■ EXERCISE BRIEF ■
Omitting all images, set down every line below exactly as it appears.
————
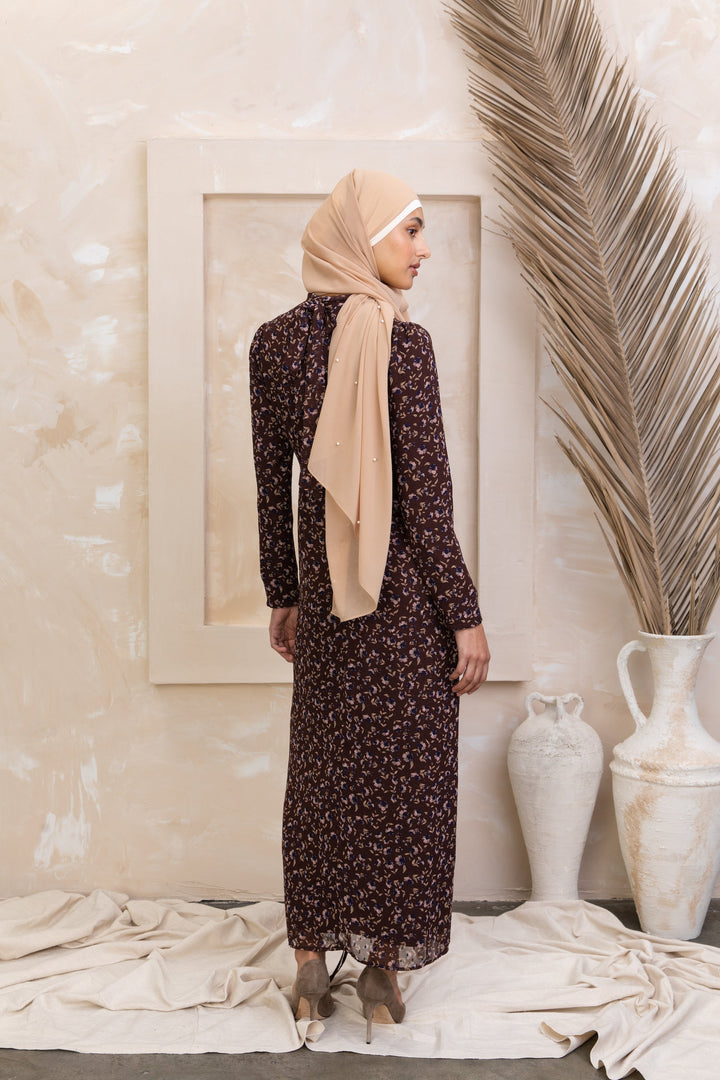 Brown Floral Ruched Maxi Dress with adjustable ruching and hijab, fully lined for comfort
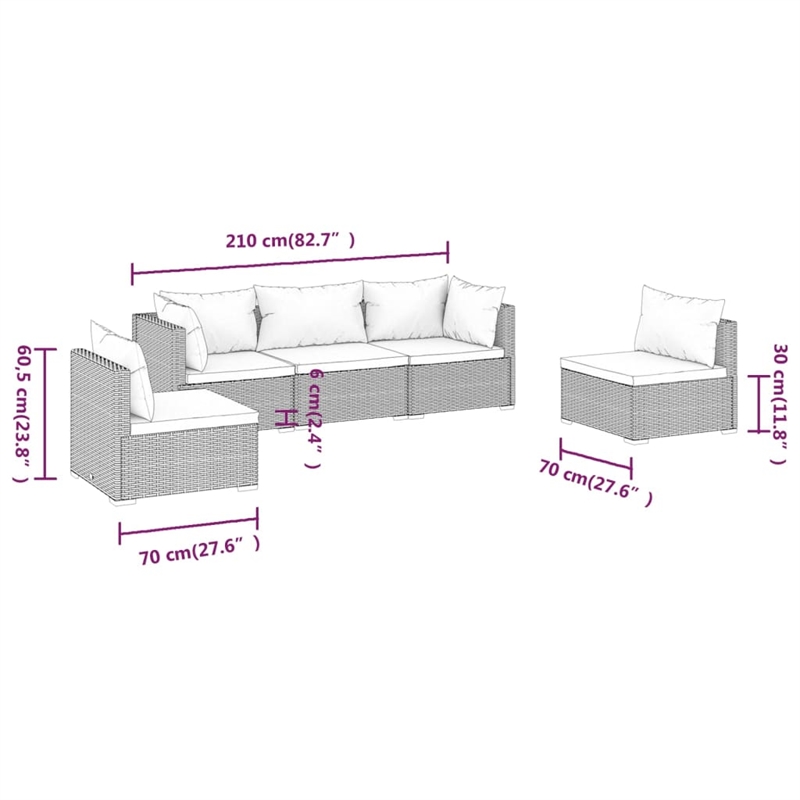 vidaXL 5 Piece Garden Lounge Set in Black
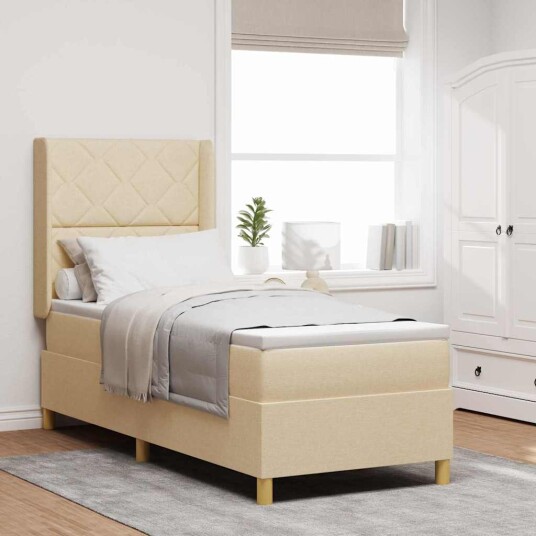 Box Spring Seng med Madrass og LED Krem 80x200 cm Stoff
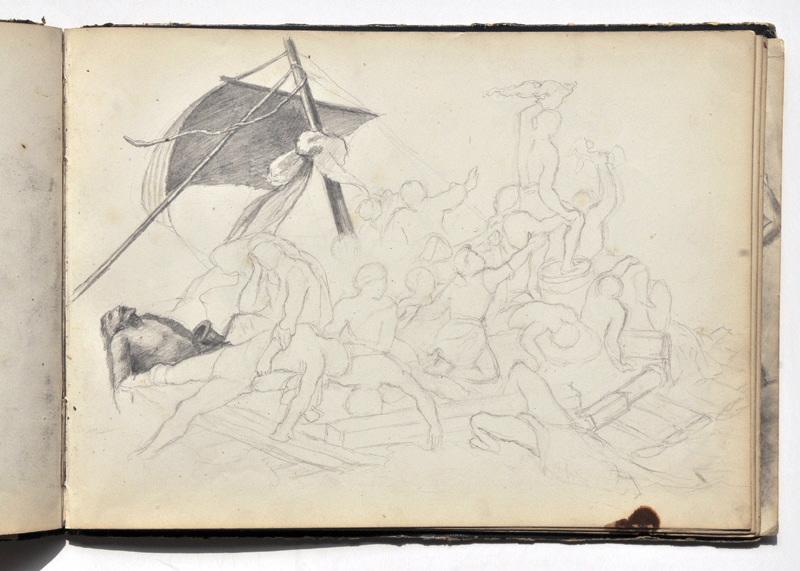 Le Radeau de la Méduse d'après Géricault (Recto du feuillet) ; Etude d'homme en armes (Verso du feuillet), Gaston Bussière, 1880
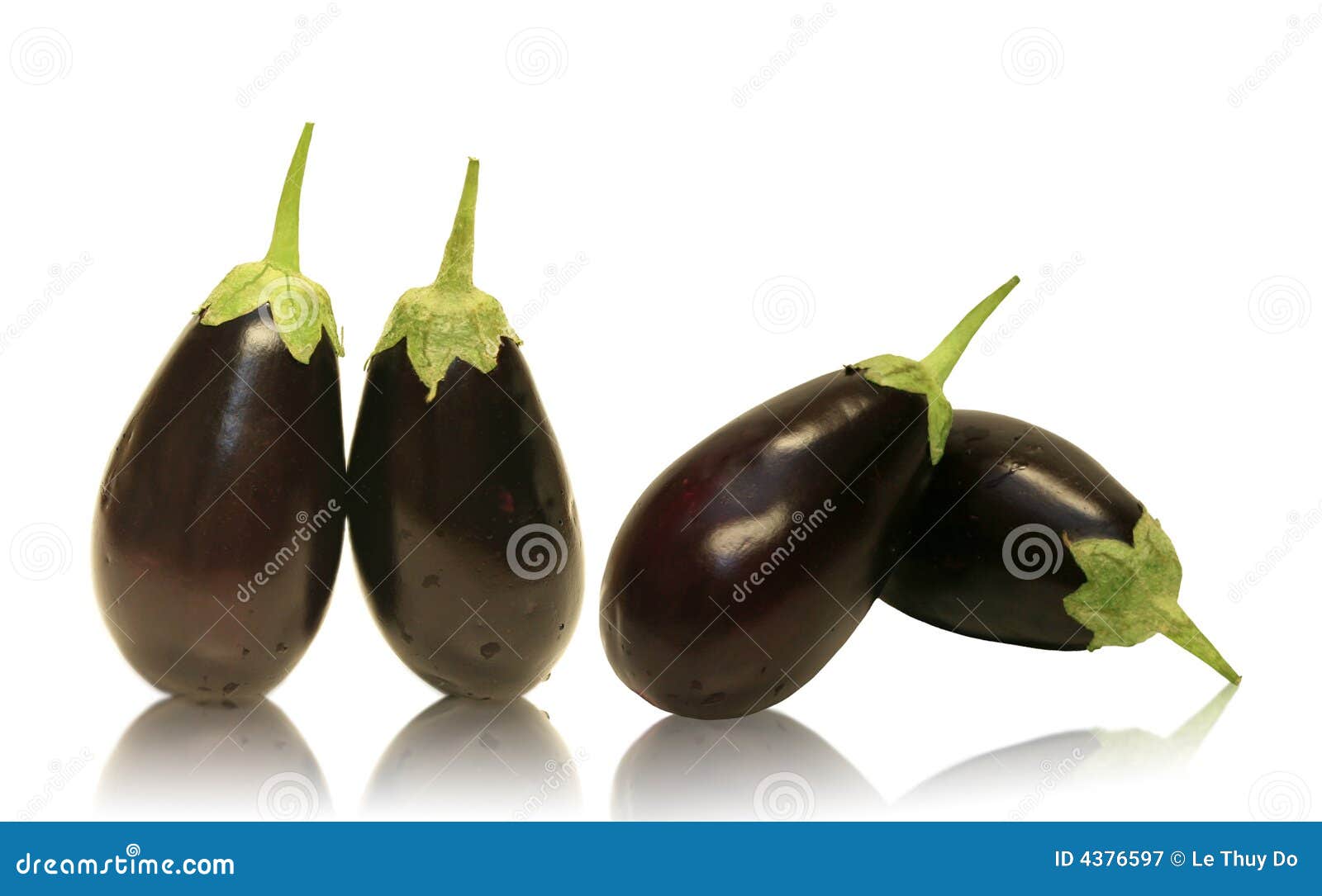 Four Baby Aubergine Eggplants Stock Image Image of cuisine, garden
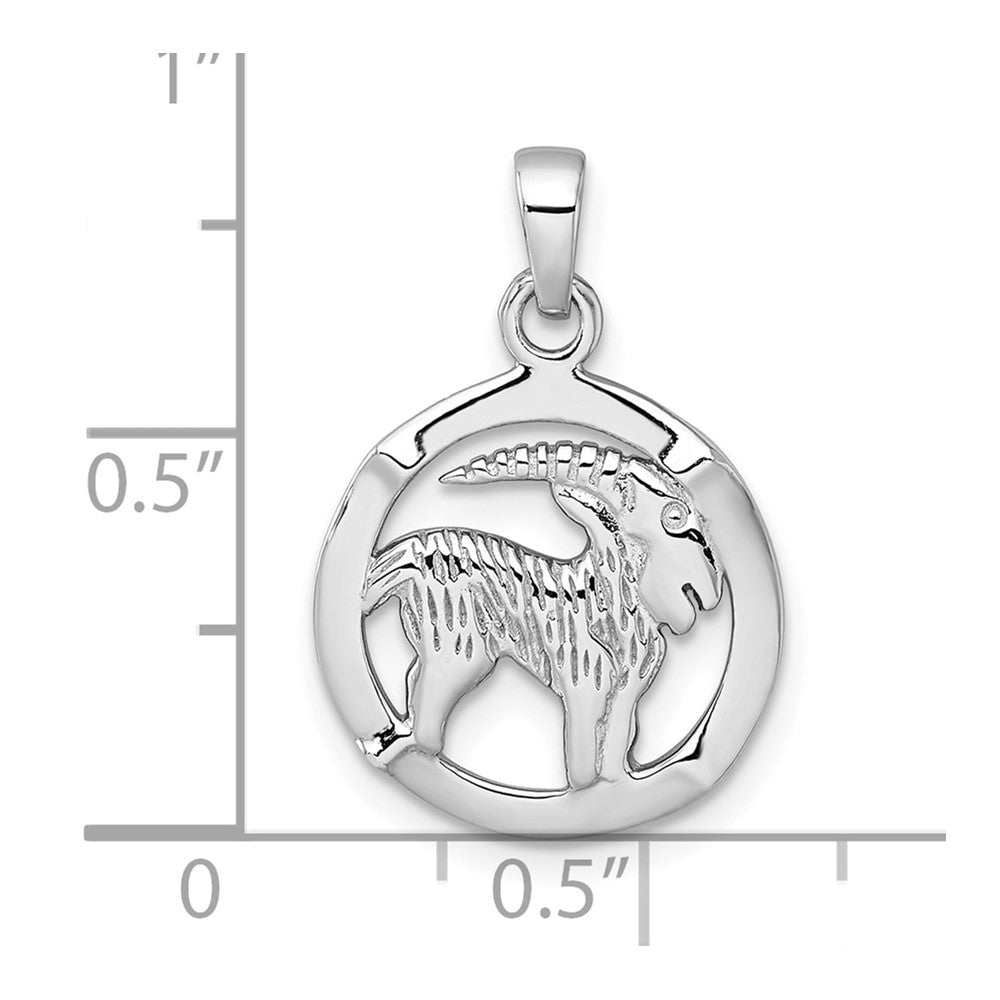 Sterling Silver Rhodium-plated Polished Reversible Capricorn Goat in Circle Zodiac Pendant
————
■ EXPECTED OUTPUT ■
 Brown Floral Ruched Maxi Dress with adjustable ruching and hijab, fully lined for comfort
 vidaXL 5 Piece Garden Lounge Set in Black
 Box Spring Seng med Madrass og LED Krem 80x200 cm Stoff
 Le Radeau de la Méduse d'après Géricault (Recto du feuillet) ; Etude d'homme en armes (Verso du feuillet), Gaston Bussière, 1880
 Four Baby Aubergine Eggplants Stock Image Image of cuisine, garden
 Sterling Silver Rhodium-plated Polished Reversible Capricorn Goat in Circle Zodiac Pendant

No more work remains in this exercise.